Dataset items
━━━━

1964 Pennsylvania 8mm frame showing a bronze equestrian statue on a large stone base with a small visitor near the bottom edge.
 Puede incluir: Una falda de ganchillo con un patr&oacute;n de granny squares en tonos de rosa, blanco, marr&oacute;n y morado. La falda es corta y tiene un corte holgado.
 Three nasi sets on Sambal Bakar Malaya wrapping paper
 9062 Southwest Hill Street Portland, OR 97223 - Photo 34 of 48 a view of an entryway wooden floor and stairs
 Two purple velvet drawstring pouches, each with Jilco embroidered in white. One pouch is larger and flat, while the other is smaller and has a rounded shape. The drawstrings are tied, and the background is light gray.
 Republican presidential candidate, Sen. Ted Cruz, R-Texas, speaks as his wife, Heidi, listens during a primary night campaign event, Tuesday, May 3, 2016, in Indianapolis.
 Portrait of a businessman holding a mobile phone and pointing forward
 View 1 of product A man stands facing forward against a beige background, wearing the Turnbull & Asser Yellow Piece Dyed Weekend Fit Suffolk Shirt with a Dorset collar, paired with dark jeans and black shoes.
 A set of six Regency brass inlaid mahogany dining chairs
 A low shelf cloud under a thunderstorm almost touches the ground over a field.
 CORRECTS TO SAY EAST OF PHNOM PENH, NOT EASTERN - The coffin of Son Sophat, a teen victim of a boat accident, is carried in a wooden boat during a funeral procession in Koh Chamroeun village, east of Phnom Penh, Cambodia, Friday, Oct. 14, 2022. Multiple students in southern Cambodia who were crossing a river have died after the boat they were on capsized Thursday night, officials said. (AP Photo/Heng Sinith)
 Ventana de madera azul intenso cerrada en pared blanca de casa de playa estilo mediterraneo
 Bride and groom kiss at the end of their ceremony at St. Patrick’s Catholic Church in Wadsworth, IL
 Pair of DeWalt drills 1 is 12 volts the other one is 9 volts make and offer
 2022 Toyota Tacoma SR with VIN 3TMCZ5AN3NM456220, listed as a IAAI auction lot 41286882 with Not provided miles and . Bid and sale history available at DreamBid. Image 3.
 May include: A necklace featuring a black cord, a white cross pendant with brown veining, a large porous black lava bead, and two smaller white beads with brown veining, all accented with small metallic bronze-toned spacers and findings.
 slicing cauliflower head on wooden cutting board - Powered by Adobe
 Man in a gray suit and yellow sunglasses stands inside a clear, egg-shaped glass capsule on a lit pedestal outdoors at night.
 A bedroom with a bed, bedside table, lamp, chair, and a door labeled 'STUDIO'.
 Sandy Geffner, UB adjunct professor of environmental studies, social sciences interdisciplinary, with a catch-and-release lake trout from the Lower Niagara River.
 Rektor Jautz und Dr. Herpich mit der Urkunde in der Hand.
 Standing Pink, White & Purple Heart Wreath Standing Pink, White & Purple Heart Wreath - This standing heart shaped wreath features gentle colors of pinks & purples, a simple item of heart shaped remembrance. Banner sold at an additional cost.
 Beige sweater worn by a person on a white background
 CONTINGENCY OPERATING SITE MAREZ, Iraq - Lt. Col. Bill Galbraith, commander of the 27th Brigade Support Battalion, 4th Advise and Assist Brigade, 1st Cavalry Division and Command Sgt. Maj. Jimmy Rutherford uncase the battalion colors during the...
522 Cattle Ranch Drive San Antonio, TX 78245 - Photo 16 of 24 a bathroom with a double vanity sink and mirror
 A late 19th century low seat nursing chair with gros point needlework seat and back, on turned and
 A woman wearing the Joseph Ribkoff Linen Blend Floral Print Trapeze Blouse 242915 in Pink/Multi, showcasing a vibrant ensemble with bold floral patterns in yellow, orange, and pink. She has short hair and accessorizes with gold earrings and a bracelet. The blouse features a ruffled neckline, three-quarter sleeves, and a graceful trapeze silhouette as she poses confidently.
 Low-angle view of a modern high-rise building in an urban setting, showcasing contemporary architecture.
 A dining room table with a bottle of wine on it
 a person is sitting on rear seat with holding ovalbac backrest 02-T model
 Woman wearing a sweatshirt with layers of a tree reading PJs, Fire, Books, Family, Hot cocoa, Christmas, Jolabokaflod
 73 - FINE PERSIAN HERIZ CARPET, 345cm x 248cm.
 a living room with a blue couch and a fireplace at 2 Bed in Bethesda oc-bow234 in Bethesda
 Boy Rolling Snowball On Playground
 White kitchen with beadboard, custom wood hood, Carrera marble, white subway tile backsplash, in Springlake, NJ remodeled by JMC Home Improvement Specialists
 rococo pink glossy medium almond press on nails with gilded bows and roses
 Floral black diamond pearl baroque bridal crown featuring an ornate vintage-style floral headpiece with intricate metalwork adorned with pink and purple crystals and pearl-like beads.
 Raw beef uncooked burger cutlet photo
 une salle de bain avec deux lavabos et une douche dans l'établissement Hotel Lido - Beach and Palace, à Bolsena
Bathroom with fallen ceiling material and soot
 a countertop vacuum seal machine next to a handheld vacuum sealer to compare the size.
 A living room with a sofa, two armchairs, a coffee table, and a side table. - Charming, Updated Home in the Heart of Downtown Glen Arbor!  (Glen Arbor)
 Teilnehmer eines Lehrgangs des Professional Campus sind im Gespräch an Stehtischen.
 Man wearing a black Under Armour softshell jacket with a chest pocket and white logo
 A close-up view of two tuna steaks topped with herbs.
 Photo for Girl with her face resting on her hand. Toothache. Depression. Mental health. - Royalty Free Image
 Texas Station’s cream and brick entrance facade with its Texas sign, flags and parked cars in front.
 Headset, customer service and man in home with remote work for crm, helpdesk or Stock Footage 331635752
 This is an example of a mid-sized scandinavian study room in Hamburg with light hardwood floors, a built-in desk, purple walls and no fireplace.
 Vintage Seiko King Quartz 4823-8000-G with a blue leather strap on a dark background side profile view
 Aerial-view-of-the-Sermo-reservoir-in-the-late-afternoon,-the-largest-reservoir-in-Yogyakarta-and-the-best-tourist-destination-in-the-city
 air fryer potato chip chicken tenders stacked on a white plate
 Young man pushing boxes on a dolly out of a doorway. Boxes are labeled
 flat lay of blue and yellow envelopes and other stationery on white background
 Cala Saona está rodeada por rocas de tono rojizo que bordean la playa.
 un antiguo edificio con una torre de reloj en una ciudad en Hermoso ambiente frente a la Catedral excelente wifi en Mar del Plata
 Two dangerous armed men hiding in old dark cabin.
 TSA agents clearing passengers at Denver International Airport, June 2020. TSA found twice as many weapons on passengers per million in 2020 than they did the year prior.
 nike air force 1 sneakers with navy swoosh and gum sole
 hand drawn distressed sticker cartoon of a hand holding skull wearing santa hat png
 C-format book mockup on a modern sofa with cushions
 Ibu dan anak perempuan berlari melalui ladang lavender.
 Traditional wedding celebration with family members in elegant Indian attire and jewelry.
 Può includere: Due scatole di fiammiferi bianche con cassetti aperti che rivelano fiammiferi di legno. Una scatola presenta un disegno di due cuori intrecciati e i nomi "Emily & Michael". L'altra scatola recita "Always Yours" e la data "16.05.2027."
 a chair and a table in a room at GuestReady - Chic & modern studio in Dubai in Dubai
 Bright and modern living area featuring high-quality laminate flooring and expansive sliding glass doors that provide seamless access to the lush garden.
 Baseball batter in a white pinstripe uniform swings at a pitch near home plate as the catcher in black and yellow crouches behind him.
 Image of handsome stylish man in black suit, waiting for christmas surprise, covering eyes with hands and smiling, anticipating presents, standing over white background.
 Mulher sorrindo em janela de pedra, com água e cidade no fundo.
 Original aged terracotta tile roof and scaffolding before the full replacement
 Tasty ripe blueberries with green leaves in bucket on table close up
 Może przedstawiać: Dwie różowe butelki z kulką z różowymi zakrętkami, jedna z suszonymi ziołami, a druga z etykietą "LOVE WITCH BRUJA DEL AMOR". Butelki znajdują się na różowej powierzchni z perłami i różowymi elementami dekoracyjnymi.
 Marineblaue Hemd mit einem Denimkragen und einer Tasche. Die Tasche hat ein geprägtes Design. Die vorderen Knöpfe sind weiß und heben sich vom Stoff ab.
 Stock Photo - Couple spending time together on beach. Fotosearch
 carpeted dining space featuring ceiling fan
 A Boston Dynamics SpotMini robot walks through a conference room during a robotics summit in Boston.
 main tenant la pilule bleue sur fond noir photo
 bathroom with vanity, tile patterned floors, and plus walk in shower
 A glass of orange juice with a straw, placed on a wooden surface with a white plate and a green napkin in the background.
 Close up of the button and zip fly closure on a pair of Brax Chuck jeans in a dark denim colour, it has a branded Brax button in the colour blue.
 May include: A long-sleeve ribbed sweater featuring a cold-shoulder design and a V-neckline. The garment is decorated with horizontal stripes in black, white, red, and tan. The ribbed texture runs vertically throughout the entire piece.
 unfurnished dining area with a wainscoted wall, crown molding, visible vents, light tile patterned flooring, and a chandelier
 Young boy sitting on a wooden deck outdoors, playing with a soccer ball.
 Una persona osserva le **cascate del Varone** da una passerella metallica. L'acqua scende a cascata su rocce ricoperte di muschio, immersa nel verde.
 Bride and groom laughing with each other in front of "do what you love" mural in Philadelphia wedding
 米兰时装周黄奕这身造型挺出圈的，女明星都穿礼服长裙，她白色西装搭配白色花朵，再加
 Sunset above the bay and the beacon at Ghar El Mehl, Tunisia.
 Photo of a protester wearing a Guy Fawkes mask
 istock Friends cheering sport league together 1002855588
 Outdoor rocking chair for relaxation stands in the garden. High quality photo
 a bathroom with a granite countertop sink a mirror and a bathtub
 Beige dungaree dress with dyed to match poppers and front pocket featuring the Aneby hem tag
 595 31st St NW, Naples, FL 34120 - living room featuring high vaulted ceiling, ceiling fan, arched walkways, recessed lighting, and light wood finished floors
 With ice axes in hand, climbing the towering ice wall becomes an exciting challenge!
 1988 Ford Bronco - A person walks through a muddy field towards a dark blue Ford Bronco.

━━━━

Write out every line of the entries that holds the word "plate".

 air fryer potato chip chicken tenders stacked on a white plate
 Baseball batter in a white pinstripe uniform swings at a pitch near home plate as the catcher in black and yellow crouches behind him.
 A glass of orange juice with a straw, placed on a wooden surface with a white plate and a green napkin in the background.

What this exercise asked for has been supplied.